---- Source material

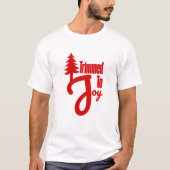 Auf Freude getrimmt T-Shirt (Vorderseite)
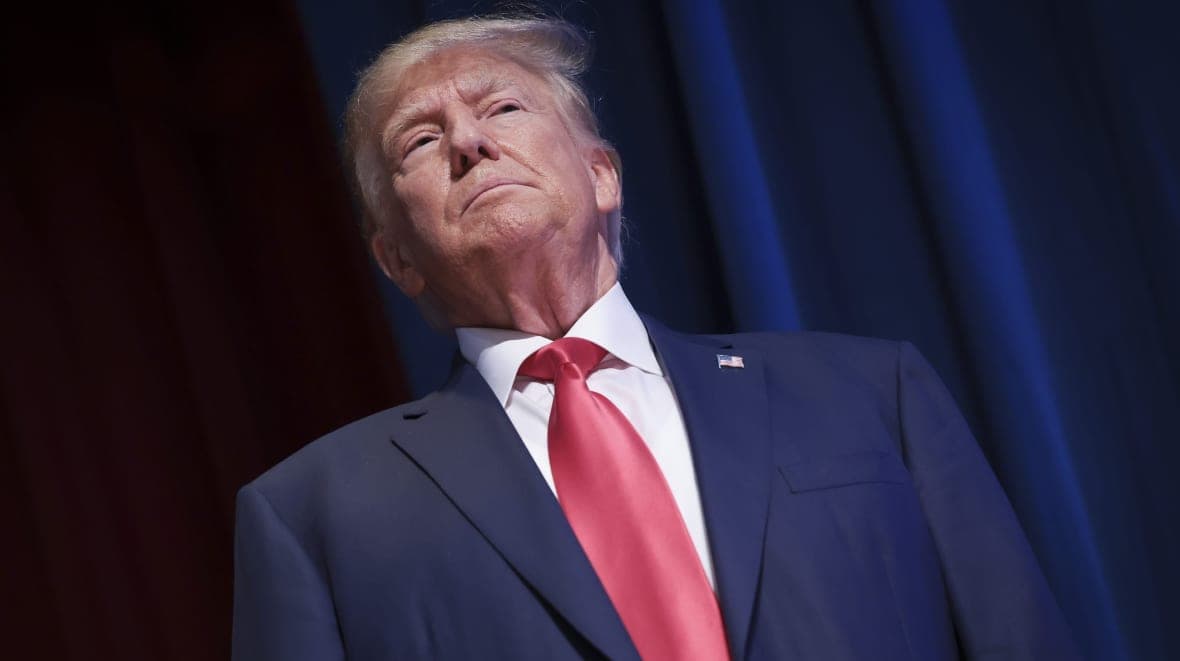 Former President Donald Trump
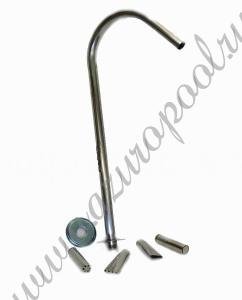 Водопад (полированный) Flexinox  Cannon Jet Plana (87185022)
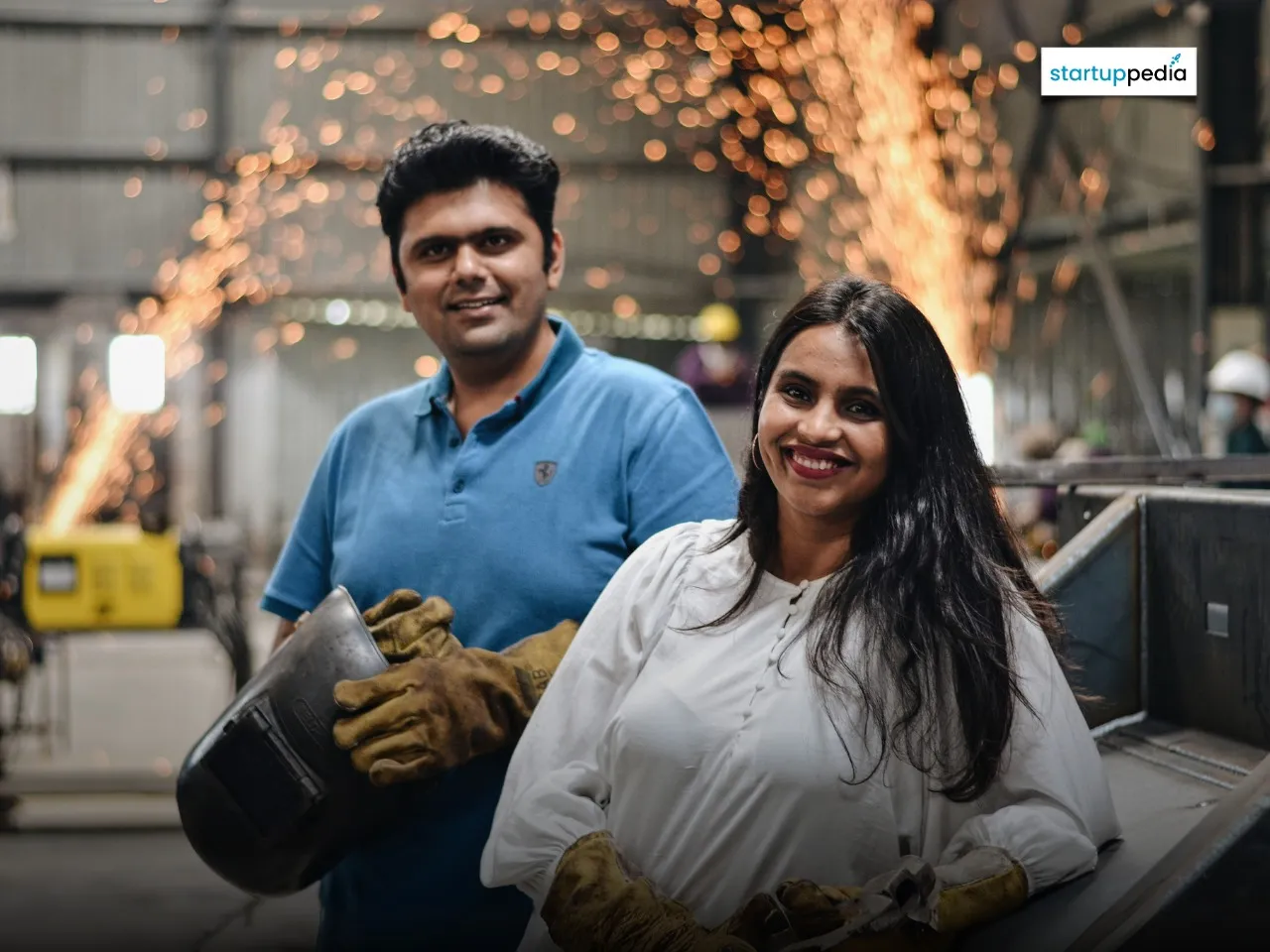 Repos Energy Founders Chetan Walunj and Aditi Walunj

--------

- The task: Only the lines from the one containing "Водопад (полированный) Flexinox" through the last line of the material are to be restated word for word; no picture is to be included.

- Your solution:
 Водопад (полированный) Flexinox  Cannon Jet Plana (87185022)
 Repos Energy Founders Chetan Walunj and Aditi Walunj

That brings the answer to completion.